2. L’appello si affida alle seguenti censure:

a) quanto al primo motivo di ricorso originario, carenza di motivazione in ordine all’errata applicazione della l. n. 47/1985 sulle tipologie di abuso edilizio;

b) quanto al secondo motivo di ricorso, errata motivazione in ordine alla violazione dell’art. 10 della l. n. 10/1977.

2.1. Ad avviso della parte appellante, in sintesi:

a.1) è erroneo qualificare l’abuso in questione di tipologia 1 invece che 7 (pertinenziale). Quanto meno dovevano reputarsi pertinenziali gli spazi di viabilità interna all’intero complesso;

b.1) i primi Giudici, mutando il loro stesso precedente orientamento giurisprudenziale, hanno di fatto svolto una funzione sanzionatoria che non gli competeva e che comunque la legge non contempla. Ha di fatto una valenza ed un riflesso punitivi (dell’abuso) la commisurazione del contributo di concessione alla destinazione di zona invece che alla destinazione d’uso specifica della costruzione oggetto di abuso edilizio.

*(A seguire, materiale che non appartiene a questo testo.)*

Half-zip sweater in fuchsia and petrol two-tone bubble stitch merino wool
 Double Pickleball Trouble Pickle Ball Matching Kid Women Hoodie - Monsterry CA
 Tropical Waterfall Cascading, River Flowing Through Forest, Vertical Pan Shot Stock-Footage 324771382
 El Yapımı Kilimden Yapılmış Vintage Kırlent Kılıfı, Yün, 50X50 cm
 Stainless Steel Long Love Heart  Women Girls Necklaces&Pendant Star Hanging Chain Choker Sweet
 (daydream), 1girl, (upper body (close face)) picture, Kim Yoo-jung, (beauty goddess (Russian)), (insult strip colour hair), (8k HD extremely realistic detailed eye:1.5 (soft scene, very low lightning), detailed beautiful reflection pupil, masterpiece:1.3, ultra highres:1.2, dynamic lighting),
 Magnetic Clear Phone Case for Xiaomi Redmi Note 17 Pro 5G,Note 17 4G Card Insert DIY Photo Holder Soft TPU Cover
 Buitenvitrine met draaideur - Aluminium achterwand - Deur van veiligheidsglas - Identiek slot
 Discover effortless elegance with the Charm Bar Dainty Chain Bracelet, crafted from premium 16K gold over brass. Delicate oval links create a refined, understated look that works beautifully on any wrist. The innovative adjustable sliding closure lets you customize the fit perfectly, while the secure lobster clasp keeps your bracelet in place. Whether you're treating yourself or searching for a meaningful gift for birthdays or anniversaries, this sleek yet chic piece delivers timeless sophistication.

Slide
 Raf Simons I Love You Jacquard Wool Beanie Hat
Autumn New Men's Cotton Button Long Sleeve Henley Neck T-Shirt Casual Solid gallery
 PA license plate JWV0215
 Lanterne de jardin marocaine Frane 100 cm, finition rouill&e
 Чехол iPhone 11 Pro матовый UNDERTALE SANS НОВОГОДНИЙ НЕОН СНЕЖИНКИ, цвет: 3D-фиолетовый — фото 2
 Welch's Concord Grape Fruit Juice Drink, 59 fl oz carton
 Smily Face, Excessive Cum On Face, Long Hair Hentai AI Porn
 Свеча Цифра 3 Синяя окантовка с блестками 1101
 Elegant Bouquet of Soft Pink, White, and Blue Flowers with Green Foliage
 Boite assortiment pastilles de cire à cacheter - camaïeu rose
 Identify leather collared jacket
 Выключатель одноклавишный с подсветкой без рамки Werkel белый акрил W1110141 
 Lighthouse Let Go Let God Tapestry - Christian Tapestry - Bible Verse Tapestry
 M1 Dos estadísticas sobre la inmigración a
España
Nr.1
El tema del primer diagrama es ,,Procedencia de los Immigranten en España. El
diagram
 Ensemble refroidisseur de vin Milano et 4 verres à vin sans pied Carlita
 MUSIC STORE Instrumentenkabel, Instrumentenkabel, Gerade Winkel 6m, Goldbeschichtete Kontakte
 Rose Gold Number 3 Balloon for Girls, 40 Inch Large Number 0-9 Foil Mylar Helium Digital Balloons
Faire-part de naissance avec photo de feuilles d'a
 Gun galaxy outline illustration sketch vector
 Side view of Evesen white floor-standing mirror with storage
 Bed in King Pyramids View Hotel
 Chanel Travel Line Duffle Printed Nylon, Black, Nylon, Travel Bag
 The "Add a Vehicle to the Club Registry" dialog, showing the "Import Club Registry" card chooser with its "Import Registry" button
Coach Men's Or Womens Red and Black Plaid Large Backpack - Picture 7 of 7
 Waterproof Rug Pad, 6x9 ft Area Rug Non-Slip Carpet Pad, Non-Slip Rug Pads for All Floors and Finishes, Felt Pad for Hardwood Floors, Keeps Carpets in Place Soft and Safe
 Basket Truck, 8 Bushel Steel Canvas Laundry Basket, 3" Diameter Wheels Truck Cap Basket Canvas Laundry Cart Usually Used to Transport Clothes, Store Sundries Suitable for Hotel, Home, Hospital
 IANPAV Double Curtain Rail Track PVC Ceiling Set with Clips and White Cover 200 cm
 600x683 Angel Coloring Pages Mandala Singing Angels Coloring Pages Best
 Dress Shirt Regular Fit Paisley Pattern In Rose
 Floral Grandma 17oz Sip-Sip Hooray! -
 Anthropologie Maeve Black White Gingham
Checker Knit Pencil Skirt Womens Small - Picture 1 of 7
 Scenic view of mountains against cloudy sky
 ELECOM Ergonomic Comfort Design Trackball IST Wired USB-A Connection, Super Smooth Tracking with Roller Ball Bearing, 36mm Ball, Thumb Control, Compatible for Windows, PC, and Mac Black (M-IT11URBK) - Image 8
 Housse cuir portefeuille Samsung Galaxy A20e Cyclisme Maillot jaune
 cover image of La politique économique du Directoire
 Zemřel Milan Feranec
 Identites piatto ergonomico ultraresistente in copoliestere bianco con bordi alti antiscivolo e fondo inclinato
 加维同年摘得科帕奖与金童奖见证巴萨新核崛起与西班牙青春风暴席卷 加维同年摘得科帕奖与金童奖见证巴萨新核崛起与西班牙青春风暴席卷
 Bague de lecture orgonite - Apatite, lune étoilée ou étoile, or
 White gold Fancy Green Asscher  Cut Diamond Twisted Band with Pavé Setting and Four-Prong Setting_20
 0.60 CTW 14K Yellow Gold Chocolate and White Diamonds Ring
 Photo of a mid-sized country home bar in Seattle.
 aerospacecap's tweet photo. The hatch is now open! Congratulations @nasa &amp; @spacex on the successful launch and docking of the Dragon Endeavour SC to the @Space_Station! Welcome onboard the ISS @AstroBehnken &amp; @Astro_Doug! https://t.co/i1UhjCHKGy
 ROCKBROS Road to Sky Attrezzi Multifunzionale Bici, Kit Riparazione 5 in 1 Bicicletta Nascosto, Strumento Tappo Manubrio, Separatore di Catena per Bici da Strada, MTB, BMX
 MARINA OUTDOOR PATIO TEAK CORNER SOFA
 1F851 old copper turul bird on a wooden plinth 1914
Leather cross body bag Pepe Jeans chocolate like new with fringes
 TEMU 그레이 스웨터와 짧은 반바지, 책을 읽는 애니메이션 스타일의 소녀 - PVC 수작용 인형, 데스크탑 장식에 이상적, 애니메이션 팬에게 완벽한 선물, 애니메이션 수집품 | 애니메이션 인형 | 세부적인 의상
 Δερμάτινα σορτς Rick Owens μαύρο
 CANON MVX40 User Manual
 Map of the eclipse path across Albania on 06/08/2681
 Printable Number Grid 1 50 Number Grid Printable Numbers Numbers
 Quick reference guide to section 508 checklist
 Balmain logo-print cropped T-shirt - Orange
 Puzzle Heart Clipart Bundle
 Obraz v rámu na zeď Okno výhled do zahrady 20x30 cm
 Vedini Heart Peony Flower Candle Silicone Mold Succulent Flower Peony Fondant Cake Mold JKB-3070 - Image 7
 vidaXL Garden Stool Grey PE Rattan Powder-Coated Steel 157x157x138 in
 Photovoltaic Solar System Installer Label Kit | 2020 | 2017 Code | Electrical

3. Con ordinanza n. 3116/2010, pubblicata il 7 luglio 2010, il Consiglio di Stato ha respinto la domanda di sospensione cautelare dell’esecutività della sentenza impugnata considerato che “i danni paventati dall’eventuale esecuzione della sentenza rivestono natura meramente economica e quindi riparabile”.

4. Costituitosi, col proprio controricorso il Comune ha replicato partitamente alle tesi avversarie.

5. Con memoria sottoscritta il 13 marzo 2020 il Comune ha illustrato diffusamente la formazione nel tempo di un ormai consolidato orientamento giurisprudenziale favorevole alla propria tesi.

6. Con memoria sottoscritta il 3 aprile 2020 parte appellante ha richiamato i suoi precedenti scritti, precisando che, in caso di esito negativo dell’appello, quanto meno non dovevano essere accollate le spese del primo grado di giudizio (anche per mancanza di appello incidentale sul punto).

7. La causa quindi, chiamata alla pubblica udienza di discussione del 5 maggio 2020, è stata ivi trattenuta in decisione.

8. L’appello è infondato e pertanto deve essere respinto.

8.1. In primo luogo, la sentenza di primo grado risulta sufficientemente argomentata (e comunque non comprovatamente smentita) lì dove essa argomenta in ordine alle ragioni per le quali il vincolo di pertinenzialità dell’intero complesso abusivo per cui è causa non poteva ritenersi assodato.

Conseguentemente, quanto al primo motivo di appello, va osservato che l’oblazione ed i contributi da corrispondere per il condono edilizio vanno computati riconducendo le opere da sanare a una delle tipologie di cui alla Tabella A allegata alla l. n. 47/1985.

E l’individuazione della tipologia di effettivo e concreto riferimento va fatta con riguardo all’abuso nel suo complesso, senza che sia possibile ‘scorporare’, nell’ambito di tale abuso, l’immobile (in tesi) ‘principale’ (che, secondo l’assunto di parte appellante, nella fattispecie sarebbero i box ovvero le autorimesse) rispetto altre componenti dell’abuso che, invece, avrebbero natura pertinenziale (nella fattispecie le aree di manovra), e ciò al fine di applicare diversi parametri. Pertanto, correttamente, i primi Giudici hanno escluso la riconducibilità delle opere per cui è causa, nel loro insieme considerate, alla tipologia 7.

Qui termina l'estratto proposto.